How can I recursively cleanup all empty files and directories in a parent directory?

Let’s say I have this directory structure:

Parent/
  |____Child1/
        |______ file11.txt (empty)
        |______ Dir1/ (empty)

  |____Child2/
        |_______ file21.txt
        |_______ file22.txt (empty)

  |____ file1.txt

I should end up with this:

Parent/
  |____Child2/
        |_______ file21.txt

  |____ file1.txt

Best Answer

This is a really simple one liner:

find Parent -empty -delete

It's fairly self explanatory. Although when I checked I was surprised that it successfully deletes Parent/Child1. Usually you would expect it to process the parent before the child unless you specify -depth.

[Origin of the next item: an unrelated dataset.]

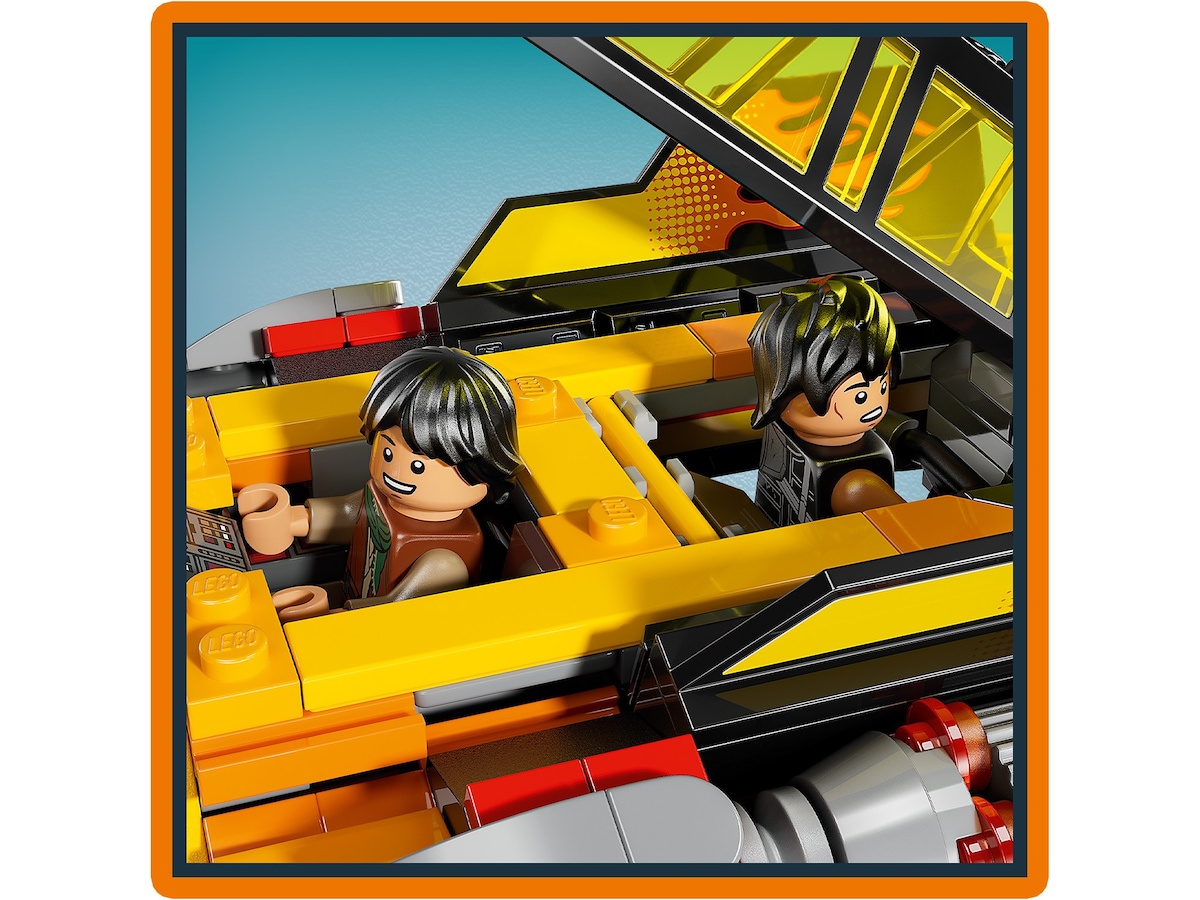 LEGO Star Wars Kraftens flamme-snowspeeder 75414 LEGO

This works because -delete implies -depth. See the GNU find manual:

-delete Delete files; true if removal succeeded. If the removal failed, an error message is issued. If -delete fails, find's exit status will be nonzero (when it eventually exits). Use of -delete automatically turns on the -depth option.


Note these features are not part of the Posix Standard, but most likely will be there under many Linux Distribution. You may have a specific problem with smaller ones such as Alpine Linux as they are based on Busybox which doesn't support -empty.

Other systems that do include non-standard -empty and -delete include BSD and OSX but apparently not AIX.